**EXERCISE:**
From the records below, output exactly the lines running from the line containing "32 Greenlodge St, Dedham, Massachusetts, 4" through the line containing "Ziteng Hotel", and no others.

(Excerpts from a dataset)
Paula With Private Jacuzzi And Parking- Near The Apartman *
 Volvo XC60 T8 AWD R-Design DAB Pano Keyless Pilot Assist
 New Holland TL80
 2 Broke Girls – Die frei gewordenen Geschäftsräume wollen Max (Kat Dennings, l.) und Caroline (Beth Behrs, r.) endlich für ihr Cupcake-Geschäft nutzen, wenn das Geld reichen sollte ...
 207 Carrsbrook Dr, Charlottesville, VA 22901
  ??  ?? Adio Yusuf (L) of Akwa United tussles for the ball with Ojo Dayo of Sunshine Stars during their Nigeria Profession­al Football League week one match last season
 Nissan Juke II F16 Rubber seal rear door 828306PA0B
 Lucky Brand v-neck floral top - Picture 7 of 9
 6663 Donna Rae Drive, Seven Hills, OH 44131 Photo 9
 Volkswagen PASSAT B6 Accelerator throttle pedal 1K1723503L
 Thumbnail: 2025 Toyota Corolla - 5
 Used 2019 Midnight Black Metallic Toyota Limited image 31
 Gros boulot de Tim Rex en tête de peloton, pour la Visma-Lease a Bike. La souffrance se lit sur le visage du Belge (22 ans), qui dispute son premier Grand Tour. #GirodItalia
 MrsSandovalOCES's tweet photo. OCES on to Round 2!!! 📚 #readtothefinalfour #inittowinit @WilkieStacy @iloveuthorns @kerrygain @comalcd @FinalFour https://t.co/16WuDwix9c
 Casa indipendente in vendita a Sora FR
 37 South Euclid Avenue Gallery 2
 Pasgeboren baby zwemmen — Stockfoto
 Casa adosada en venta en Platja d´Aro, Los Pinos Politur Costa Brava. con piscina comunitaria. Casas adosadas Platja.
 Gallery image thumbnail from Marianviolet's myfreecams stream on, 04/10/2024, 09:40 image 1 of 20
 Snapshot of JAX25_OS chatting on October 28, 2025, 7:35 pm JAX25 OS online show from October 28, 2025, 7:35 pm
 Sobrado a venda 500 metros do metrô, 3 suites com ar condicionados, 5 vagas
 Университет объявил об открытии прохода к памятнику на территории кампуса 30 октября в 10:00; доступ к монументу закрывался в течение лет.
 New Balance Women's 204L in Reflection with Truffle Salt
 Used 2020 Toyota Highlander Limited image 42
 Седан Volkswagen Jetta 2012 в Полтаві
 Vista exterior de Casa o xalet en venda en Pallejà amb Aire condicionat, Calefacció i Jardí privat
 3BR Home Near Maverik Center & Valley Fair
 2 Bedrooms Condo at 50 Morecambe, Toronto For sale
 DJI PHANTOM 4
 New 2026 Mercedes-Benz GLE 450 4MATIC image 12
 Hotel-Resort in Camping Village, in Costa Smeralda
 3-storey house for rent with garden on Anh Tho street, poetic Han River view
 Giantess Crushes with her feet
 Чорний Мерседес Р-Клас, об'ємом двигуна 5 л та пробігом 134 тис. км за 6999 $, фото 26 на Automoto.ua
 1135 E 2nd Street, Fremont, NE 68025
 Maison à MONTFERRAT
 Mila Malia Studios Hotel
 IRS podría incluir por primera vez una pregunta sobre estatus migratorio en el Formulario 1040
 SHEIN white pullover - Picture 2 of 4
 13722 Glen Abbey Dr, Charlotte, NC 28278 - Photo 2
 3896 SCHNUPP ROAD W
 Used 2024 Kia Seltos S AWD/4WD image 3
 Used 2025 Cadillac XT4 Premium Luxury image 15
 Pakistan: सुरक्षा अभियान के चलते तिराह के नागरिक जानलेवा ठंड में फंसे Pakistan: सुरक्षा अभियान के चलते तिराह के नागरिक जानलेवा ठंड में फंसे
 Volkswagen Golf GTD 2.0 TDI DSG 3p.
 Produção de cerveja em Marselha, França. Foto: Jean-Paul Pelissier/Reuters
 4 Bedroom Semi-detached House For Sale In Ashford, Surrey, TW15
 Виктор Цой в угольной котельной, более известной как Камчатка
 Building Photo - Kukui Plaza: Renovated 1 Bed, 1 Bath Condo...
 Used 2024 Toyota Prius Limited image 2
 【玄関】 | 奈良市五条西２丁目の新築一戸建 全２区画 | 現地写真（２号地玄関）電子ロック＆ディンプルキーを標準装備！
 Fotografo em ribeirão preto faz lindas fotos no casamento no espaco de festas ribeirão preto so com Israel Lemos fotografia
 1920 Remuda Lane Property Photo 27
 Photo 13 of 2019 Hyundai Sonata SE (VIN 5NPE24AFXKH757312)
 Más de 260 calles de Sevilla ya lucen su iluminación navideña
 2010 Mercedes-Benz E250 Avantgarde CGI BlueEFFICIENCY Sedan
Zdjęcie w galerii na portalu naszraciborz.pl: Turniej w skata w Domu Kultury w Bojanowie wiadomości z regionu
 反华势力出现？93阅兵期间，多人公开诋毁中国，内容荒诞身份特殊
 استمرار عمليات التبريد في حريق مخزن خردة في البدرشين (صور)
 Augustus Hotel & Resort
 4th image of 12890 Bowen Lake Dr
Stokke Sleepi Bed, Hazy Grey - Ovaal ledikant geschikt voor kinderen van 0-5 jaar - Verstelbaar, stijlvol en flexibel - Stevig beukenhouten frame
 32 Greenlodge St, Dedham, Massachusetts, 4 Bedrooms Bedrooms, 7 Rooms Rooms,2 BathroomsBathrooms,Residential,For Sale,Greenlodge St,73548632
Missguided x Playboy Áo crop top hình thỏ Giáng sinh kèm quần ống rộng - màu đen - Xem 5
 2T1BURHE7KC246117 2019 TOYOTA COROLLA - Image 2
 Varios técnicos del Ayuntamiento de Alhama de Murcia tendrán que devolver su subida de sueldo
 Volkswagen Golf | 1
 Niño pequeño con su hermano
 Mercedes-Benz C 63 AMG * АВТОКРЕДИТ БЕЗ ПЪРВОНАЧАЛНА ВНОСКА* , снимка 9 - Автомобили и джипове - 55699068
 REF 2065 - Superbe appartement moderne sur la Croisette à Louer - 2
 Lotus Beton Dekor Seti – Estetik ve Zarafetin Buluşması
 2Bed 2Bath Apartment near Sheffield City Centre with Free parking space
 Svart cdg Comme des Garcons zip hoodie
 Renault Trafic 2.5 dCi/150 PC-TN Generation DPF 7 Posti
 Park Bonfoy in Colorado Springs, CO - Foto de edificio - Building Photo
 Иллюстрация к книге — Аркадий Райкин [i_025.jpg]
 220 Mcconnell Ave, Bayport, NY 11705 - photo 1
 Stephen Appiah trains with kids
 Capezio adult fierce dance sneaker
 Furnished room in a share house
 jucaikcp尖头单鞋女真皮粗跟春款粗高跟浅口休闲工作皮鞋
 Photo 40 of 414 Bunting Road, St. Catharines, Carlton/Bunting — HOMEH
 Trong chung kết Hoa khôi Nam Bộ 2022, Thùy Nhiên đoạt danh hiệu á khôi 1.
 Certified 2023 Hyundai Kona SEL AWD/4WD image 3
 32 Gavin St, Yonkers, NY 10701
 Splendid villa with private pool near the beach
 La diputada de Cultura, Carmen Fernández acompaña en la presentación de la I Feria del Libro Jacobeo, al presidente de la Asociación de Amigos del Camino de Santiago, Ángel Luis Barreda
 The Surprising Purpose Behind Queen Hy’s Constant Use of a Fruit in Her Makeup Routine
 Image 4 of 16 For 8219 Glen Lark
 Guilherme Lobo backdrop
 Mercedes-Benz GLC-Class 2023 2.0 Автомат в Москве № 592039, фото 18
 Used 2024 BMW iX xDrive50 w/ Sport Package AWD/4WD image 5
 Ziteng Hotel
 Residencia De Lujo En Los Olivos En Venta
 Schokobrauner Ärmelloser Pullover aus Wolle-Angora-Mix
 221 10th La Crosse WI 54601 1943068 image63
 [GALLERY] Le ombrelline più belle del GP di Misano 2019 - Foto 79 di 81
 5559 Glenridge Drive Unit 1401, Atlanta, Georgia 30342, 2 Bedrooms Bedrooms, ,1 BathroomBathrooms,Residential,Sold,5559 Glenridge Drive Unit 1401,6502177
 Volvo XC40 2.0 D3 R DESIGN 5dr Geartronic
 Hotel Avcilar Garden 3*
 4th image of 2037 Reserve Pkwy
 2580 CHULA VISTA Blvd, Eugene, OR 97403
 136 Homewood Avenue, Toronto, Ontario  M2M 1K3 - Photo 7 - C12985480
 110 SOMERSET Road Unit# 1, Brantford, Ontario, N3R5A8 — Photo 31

**EXERCISE ANSWER:**
 32 Greenlodge St, Dedham, Massachusetts, 4 Bedrooms Bedrooms, 7 Rooms Rooms,2 BathroomsBathrooms,Residential,For Sale,Greenlodge St,73548632
Missguided x Playboy Áo crop top hình thỏ Giáng sinh kèm quần ống rộng - màu đen - Xem 5
 2T1BURHE7KC246117 2019 TOYOTA COROLLA - Image 2
 Varios técnicos del Ayuntamiento de Alhama de Murcia tendrán que devolver su subida de sueldo
 Volkswagen Golf | 1
 Niño pequeño con su hermano
 Mercedes-Benz C 63 AMG * АВТОКРЕДИТ БЕЗ ПЪРВОНАЧАЛНА ВНОСКА* , снимка 9 - Автомобили и джипове - 55699068
 REF 2065 - Superbe appartement moderne sur la Croisette à Louer - 2
 Lotus Beton Dekor Seti – Estetik ve Zarafetin Buluşması
 2Bed 2Bath Apartment near Sheffield City Centre with Free parking space
 Svart cdg Comme des Garcons zip hoodie
 Renault Trafic 2.5 dCi/150 PC-TN Generation DPF 7 Posti
 Park Bonfoy in Colorado Springs, CO - Foto de edificio - Building Photo
 Иллюстрация к книге — Аркадий Райкин [i_025.jpg]
 220 Mcconnell Ave, Bayport, NY 11705 - photo 1
 Stephen Appiah trains with kids
 Capezio adult fierce dance sneaker
 Furnished room in a share house
 jucaikcp尖头单鞋女真皮粗跟春款粗高跟浅口休闲工作皮鞋
 Photo 40 of 414 Bunting Road, St. Catharines, Carlton/Bunting — HOMEH
 Trong chung kết Hoa khôi Nam Bộ 2022, Thùy Nhiên đoạt danh hiệu á khôi 1.
 Certified 2023 Hyundai Kona SEL AWD/4WD image 3
 32 Gavin St, Yonkers, NY 10701
 Splendid villa with private pool near the beach
 La diputada de Cultura, Carmen Fernández acompaña en la presentación de la I Feria del Libro Jacobeo, al presidente de la Asociación de Amigos del Camino de Santiago, Ángel Luis Barreda
 The Surprising Purpose Behind Queen Hy’s Constant Use of a Fruit in Her Makeup Routine
 Image 4 of 16 For 8219 Glen Lark
 Guilherme Lobo backdrop
 Mercedes-Benz GLC-Class 2023 2.0 Автомат в Москве № 592039, фото 18
 Used 2024 BMW iX xDrive50 w/ Sport Package AWD/4WD image 5
 Ziteng Hotel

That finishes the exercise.